Your job with the data below is to output exactly the lines from the one holding "a living room" down to the one holding "Packed boxes and", both included, and no others.

Recorded data:

"""

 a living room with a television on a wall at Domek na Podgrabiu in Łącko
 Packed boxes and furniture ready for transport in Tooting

"""
"""

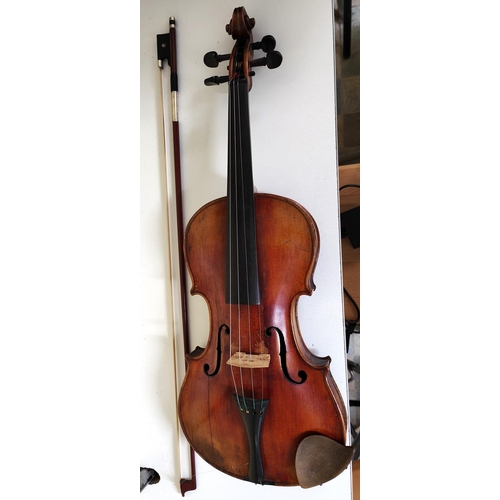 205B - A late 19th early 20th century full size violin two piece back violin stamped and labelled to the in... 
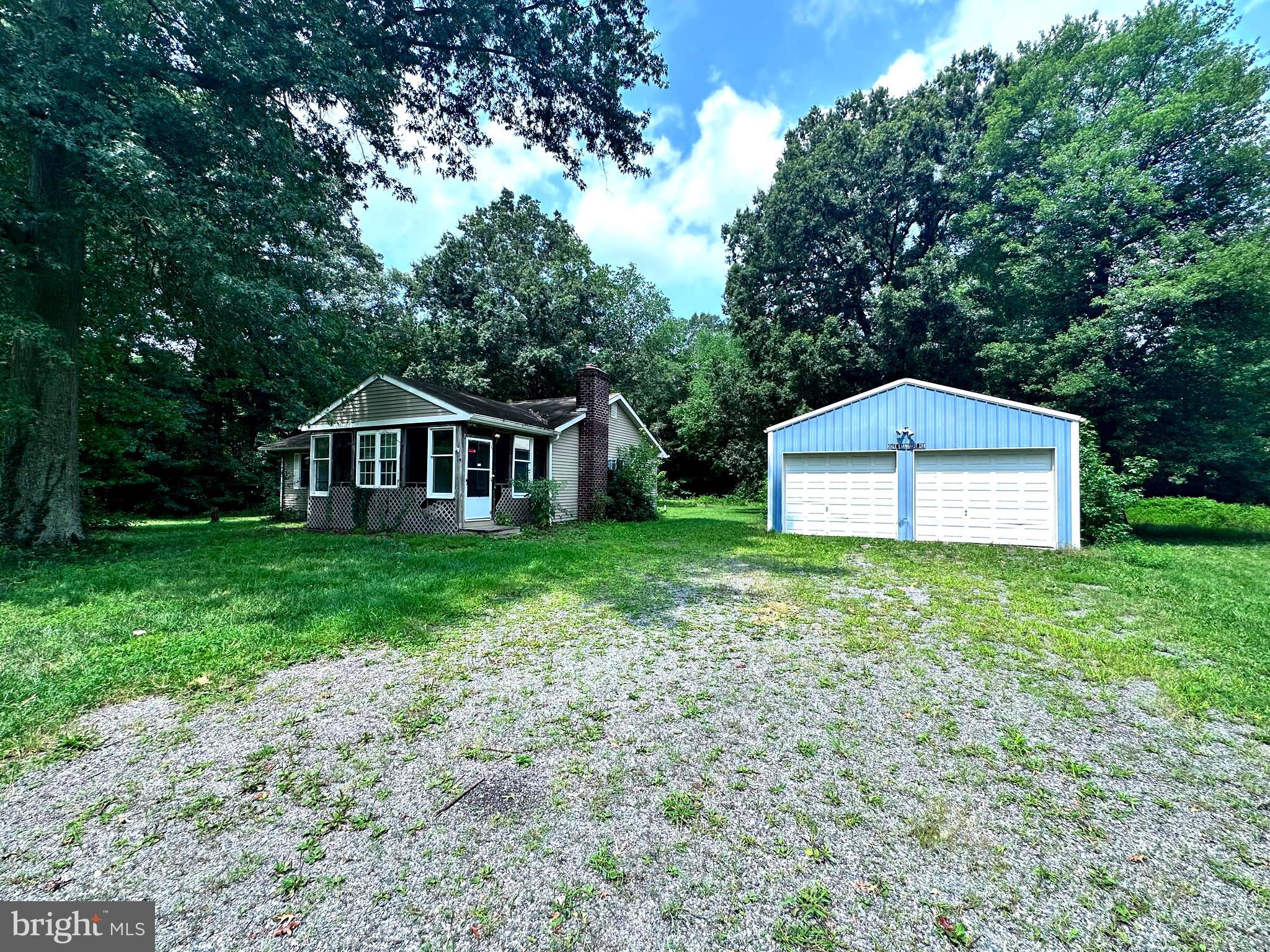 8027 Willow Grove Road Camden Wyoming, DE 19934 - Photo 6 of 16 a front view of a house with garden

"""

The answer:
 a living room with a television on a wall at Domek na Podgrabiu in Łącko
 Packed boxes and furniture ready for transport in Tooting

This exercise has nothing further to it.